Health Care (HCC)

Courses

HCC 111. Emergency Medical Technician I (Evening Only). 4 Credits.

This is the basic course for Emergency Medical Technician/Ambulance that follows the guidelines outlined by the United States Department of Health Education and Welfare in conjunction with the National Traffic Safety Administration, Department of Transportation. This is a lecture, discussion, demonstration, and practical application of the knowledge and skill necessary to care for individuals who have life-threatening emergencies and injuries. This is the first half of the requirement for certification. Prerequisites: ENG 098, FYE 101, RDG 098, or placement. Evening only.

HCC 112. Emergency Medical Technician II (Evening Only). 4 Credits.

This is a continuation of EMT Emergency Medical Technician I, dealing with the care of individuals who have common medical emergencies, childbirth, problems of children as patients, lifting and moving patients, environmental emergencies, and extrication from automobiles. This course is the second half of the requirement for certification. Prerequisite: HCC 111 with a C grade or higher. Evening only.

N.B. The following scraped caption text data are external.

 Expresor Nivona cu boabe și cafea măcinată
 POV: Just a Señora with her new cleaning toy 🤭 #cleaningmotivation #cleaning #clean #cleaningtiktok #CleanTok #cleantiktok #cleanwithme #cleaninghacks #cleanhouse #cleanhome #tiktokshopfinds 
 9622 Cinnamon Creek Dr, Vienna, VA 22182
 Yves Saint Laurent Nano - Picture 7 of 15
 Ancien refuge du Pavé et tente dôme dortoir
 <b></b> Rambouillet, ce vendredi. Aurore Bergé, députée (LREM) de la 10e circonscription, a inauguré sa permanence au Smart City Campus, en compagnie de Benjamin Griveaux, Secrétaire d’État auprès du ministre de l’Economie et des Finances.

HCC 201. Paramedicine I. 4 Credits.

This course is the first course designed for Emergency Medical Technicians (EMT) with at least one year as an EMT Basic or Advanced to obtain certification/licensure as a paramedic. Course concepts include: EMS Systems, Patient Assessments, Workforce Safety and Wellness, and Public Health. After completion this course, the student will understand the origins and present-day structure of emergency medical care delivery systems. The paramedic’s roles and responsibilities and his or her relationship to the emergency medical services (EMS) system are explained, as well as the paramedic’s role in the quality-improvement process. Other EMS provider levels are described. The foundations necessary for being a competent, effective, caring, and ethical paramedic are presented. The interrelationships of the National Highway Traffic Safety Administration’s components of the EMS system are outlined, as well as the paramedic’s impact on research, data collection, and evidence-based decision making. The paramedic’s responsibilities as a student and a practitioner are also studied. Adherence to the attendance policy and completion of this course with a final grade of B- or better must be achieved in order to advance in the PAC program. Prerequisites: ENG 098, RDG 098 and FYE 101 or placement; HCC 111, HCC 112; BIO 152, HCC 202, HCC 203 (corequisites). Fall.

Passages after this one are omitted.